Parallel compact block downloads, take 3 #27626

instagibbs · 2023-05-11T14:05:20Z

This is an attempt at mitigating #25258 , which is a revival of #10984, which is a revival of #9447.

This PR attempts to mitigate a single case, where high bandwidth peers can bail us out of a flakey
peer not completing blocks for us. We allow up to 2 additional getblocktxns requests per unique block.
This would hopefully allow the chance for an honest high bandwidth peer to hand us the transactions
even if the first in flight peer stalls out.

In contrast to previous effort:

it will not help if subsequent peers send block headers only, so only high-bandwidth peers this time. See: https://github.com/bitcoin/bitcoin/pull/10984/files#diff-6875de769e90cec84d2e8a9c1b962cdbcda44d870d42e4215827e599e11e90e3R1411
MAX_GETBLOCKTXN_TXN_AFTER_FIRST_IN_FLIGHT is removed, in favor of aiding recovery during turbulent mempools
We require one of the 3 block fetching slots to be an outbound peer. This can be the original offering peer, or subsequent compact blocks given by high bandwidth peers.

DrahtBot · 2023-05-11T14:05:23Z

The following sections might be updated with supplementary metadata relevant to reviewers and maintainers.

Reviews

See the guideline for information on the review process.

Type	Reviewers
ACK	sdaftuar, mzumsande
Concept ACK	jamesob, theuni
Stale ACK	dergoegge, ajtowns

If your review is incorrectly listed, please react with 👎 to this comment and the bot will ignore it on the next update.

Conflicts

Reviewers, this pull request conflicts with the following ones:

#27596 (assumeutxo (2) by jamesob)
#27052 (test: rpc: add last block announcement time to getpeerinfo result by LarryRuane)
#26969 (net, refactor: net_processing, add ProcessCompactBlockTxns by brunoerg)
#26812 (test: add end-to-end tests for CConnman and PeerManager by vasild)
#26621 (refactor: Continue moving application data from CNode to Peer by dergoegge)
#24008 (assumeutxo: net_processing changes by jamesob)

If you consider this pull request important, please also help to review the conflicting pull requests. Ideally, start with the one that should be merged first.

ajtowns

Seems okay at first glance. It would be nice to have a "blockrequest.cpp" module that collects all this logic together. Perhaps we want to keep this change simple so it's a smaller backport, and refactor later, though.

src/net_processing.cpp

ajtowns · 2023-05-11T15:30:25Z

src/net_processing.h

+/** Greg: Setting to 3 to match number of high bandwidth peers... ~ensures one is outbound */
+static const unsigned int MAX_CMPCTBLOCKS_INFLIGHT_PER_BLOCK = 3;
+/** Maximum number of missing transactions for a non-first getblocktxn request */
+static const unsigned int MAX_GETBLOCKTXN_TXN_AFTER_FIRST_IN_FLIGHT = 10;


Out of the last 612 compact blocks my node's reconstructed that required requesting transactions, 277 needed 10 or fewer (45%), 441 needed 50 or fewer (72%), 488 needed 100 or fewer (80%), 548 needed 500 or fewer (90%). I'd probably prefer 50 or 100 than 10, I guess?
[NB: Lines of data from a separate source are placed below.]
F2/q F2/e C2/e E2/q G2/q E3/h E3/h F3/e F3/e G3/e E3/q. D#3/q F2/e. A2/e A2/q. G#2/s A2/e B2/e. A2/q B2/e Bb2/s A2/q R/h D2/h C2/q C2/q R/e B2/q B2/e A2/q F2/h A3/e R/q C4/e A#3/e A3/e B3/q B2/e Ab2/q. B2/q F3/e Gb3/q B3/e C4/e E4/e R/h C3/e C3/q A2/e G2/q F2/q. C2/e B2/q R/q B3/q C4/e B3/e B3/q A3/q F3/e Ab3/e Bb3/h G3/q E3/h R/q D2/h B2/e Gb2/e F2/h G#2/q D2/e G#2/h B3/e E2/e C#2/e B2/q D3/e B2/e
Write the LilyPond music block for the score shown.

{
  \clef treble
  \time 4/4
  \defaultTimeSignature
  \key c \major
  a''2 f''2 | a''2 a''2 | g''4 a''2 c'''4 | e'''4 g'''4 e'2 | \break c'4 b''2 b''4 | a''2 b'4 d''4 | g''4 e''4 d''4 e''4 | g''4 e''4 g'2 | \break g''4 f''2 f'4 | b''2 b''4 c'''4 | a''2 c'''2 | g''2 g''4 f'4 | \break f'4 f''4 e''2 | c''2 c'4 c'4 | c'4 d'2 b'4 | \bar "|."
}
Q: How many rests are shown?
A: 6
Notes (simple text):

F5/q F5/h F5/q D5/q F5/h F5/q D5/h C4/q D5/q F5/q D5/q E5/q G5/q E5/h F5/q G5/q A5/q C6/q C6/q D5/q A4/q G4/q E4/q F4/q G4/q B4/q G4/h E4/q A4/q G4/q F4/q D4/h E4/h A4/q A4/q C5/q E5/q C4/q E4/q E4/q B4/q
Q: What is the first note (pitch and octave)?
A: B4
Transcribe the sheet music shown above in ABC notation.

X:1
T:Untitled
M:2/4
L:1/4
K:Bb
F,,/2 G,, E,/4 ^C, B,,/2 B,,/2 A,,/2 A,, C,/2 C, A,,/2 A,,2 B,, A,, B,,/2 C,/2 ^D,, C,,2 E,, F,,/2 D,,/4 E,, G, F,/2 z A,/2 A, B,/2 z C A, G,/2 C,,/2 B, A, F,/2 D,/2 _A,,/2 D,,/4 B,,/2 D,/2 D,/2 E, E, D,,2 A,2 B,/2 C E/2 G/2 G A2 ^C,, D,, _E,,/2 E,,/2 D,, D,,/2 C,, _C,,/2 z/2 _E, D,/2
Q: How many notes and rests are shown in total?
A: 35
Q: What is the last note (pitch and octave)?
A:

(In simpler times, 1086/1162 (93%) need 10 or fewer, 1140/1162 (98%) needed 50 or fewer, 1144/1162 (98.5%) needed 100 or fewer. Again, I'm not including blocks that requested 0 txs in those denominators)

what if we just removed the limit, since it's not much of a protection, especially if the missing 10 txns are *nscriptions

I think the limit's fine; when you start up with an empty mempool, you'll be requesting most of the transactions in the block because your mempool's empty, and there's no need to do that three times in parallel. Could perhaps have the limit work the other way: if you've already got N txs and need K txs, and 0 < K <= N/4 + 10; then if the block just has ten 100kvB txs, you won't request them multiple times.

Imo, it doesn't seem worthwhile to have the limit:

the good case (small K) should be far more common than the bad one (large K)

the limit makes relay of blocks with large K less reliable w.r.t to stalling (reduces to what we have now)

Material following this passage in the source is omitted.